• _Requirement_:
Take each line below that has "will" and copy it.
*** Opening The records ***
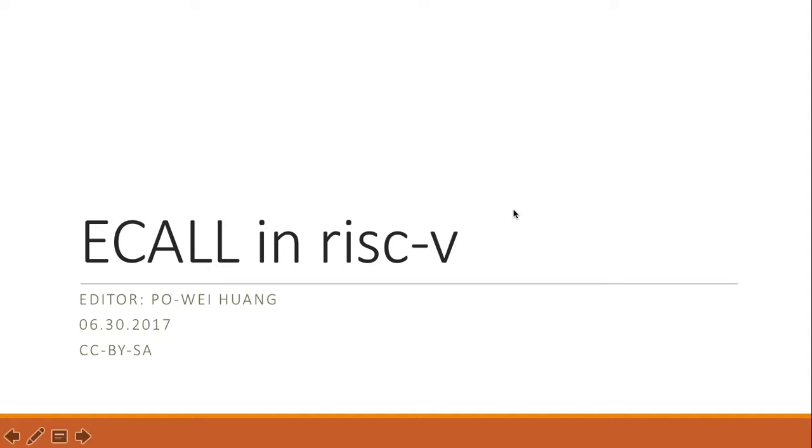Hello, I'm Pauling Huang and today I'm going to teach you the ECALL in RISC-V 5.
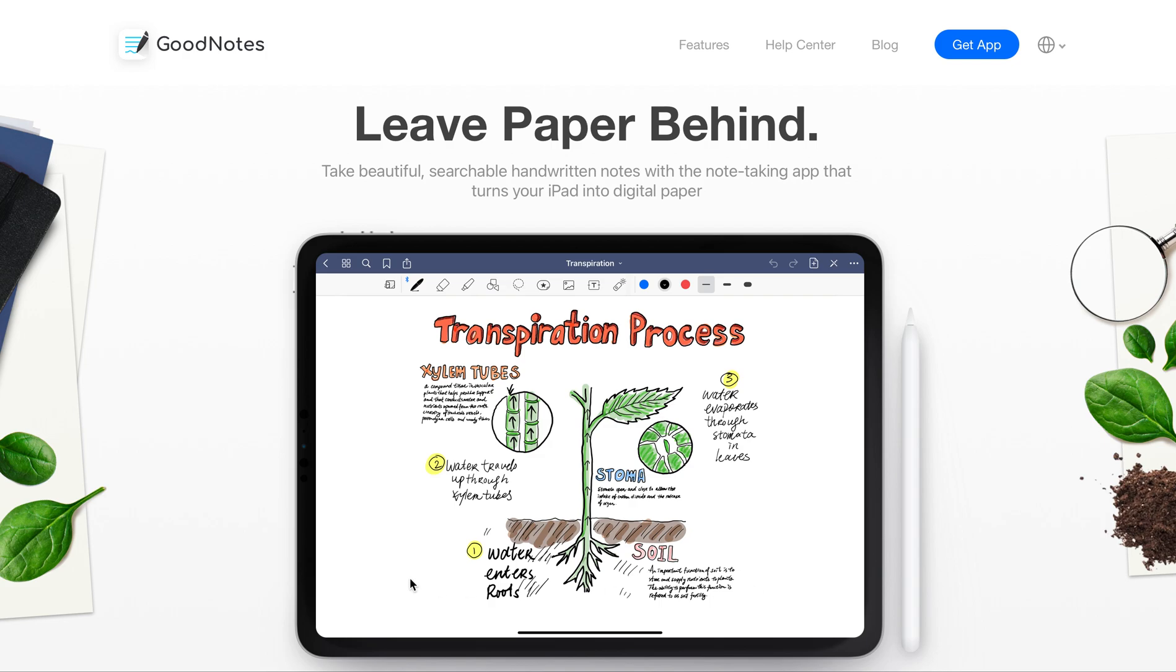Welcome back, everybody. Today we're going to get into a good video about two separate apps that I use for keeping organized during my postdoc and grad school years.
*** Closing The records ***
*** Opening The records ***
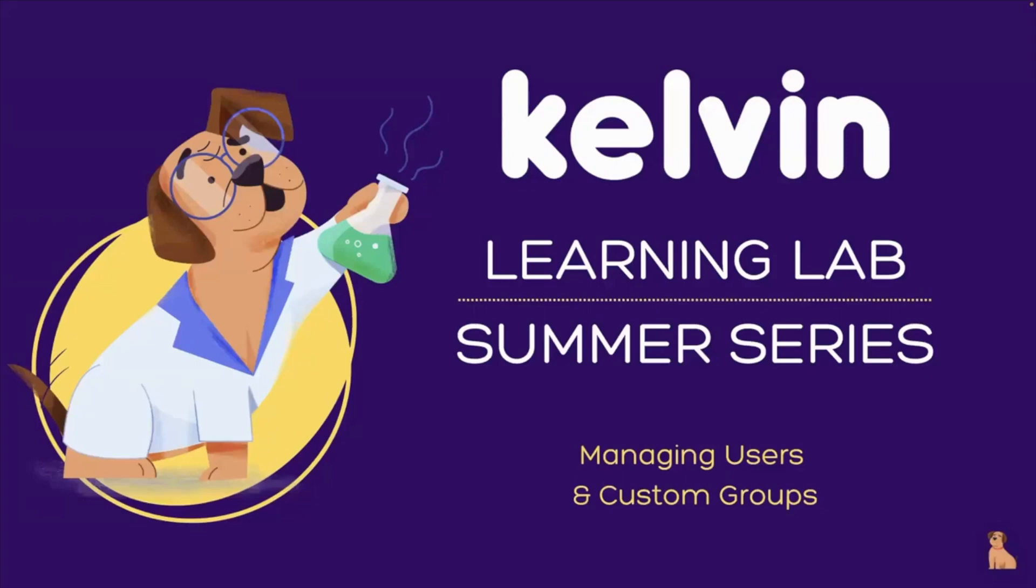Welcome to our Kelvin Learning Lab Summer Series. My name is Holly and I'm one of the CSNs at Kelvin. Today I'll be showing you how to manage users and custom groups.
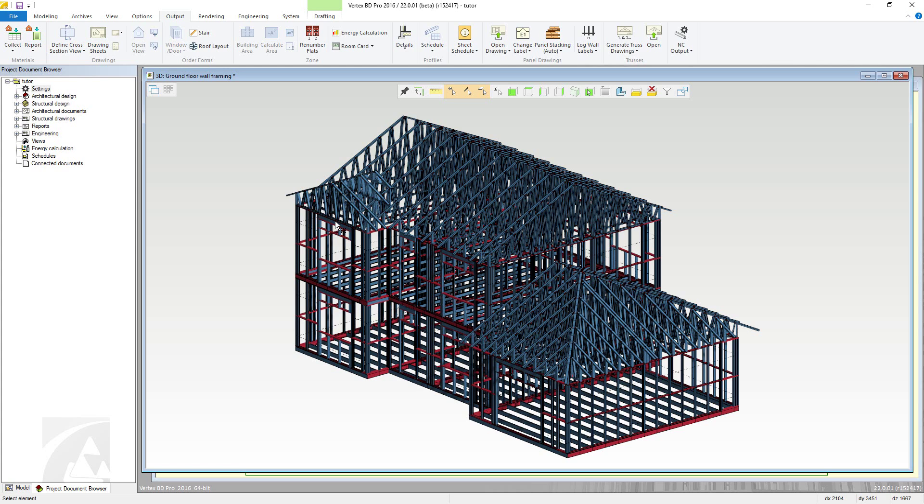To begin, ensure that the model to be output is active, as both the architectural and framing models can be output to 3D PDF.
*** Closing The records ***
*** Opening The records ***
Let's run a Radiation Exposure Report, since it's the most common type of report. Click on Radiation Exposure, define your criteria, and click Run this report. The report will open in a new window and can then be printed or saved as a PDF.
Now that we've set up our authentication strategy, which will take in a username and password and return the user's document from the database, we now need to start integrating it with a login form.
*** Closing The records ***
• _Response for this exercise_:
Let's run a Radiation Exposure Report, since it's the most common type of report. Click on Radiation Exposure, define your criteria, and click Run this report. The report will open in a new window and can then be printed or saved as a PDF.
Now that we've set up our authentication strategy, which will take in a username and password and return the user's document from the database, we now need to start integrating it with a login form.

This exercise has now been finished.